Teknolojinin gelişimi ve popüler kültürün etkisiyle beraber yavaş yavaş gelenek, görenek, örf, adet ve edepten uzak; kopuk ve yalnız bireyler halini aldığımızın farkında mıyız? Bence her şey olağan görünüyor gözümüze ya da öyle hissettiriliyor.
Akıllı telefonlar, televizyon, sosyal medya hayatımızın temeli üzerine kurulu halde. Dünyadaki haberler daha çabuk yaygınlaşmakta, bilgiye daha kolay ulaşılmakta ve ilerleme son sürat devam etmekte. Fakat bizler buna rağmen mutlu değiliz, yalnız, çaresiz, umutsuz ve inançsızız peki neden?
Tarihi, kültürü ve medeniyeti yüzyıllara dayanan bir millet olmamıza rağmen; geçmişi unutup geleceğe yön vermek istiyoruz.
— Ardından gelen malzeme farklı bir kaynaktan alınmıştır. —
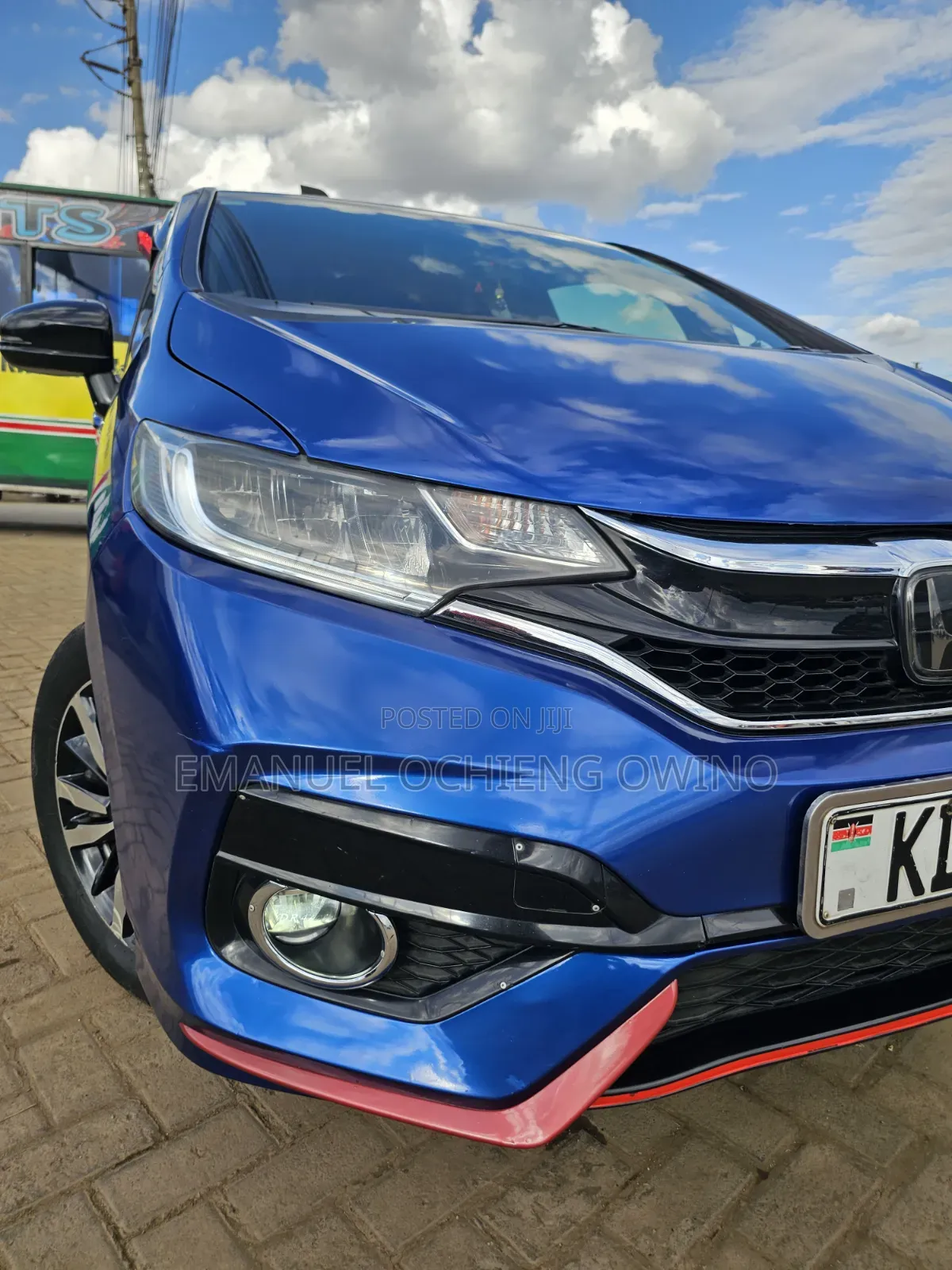 Honda Fit 2017 Blue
Oysa geçmiş insanın tecrübe edindiği gerçeklerdir. İnsan kendi gerçeklerini bilip, öğrendikçe var olacaktır öte türlü kaçtıkça hep savrulacak ve yok olmaya mahkûm olacaktır.
Bizi biz yapan, birliğimizin, varlığımızın nişanesi, ahlak duygumuzun temeli olan edep üzerine kuruludur. Oysa günümüzdeki genel yayın organlarını incelediğimizde nasıl da hayâ duygumuzun yok edilmesinin istendiğini açıkça görmekteyiz. Edep duygusunu ortadan kaldıran çocuk oyuncağına dönmüş evlilik programları, eşini aldatan ve o eşleri savunan diziler, nikâhsız beraberlikler, ebeveyni belli olmayan çocuklar, kavgalar ve daha nice niceleri.
Moda dergileri, saç, giyim ve kişinin kendisini yansıtmayan tavırları ve özenti tarzı; yalnız ve özgüveni düşük bireyler olmamıza neden oldu.
Sosyal medya komşuluk ilişkilerine de yeni bir dönem getirdi, komşusu açken kendisi tok uyumayan bizler, yediklerimizle, içtiklerimizle, giydiklerimizle insanlara nispet yapar hale geldik.
Birliğimizi hatırlatan bayramlarımızın, düğünlerimizin tadı kaçtı, türkülerimiz sustu, destanlarımız, masallarımız unutuldu.
Sonumuzun nereye varacağı muamma.
Yozlaştırılıyoruz. Bunun farkında olalım. Okumalı, anlamalı ve sorgulamalıyız. Bizler edepli, kültürlü, medeni bir toplumuz ve bunun tarumar edilmesine izin vermeyelim. Silkelenip kendimize gelmedikçe, öğrenmedikçe zifiri bir karanlığa doğru yol almaya devam edeceğiz.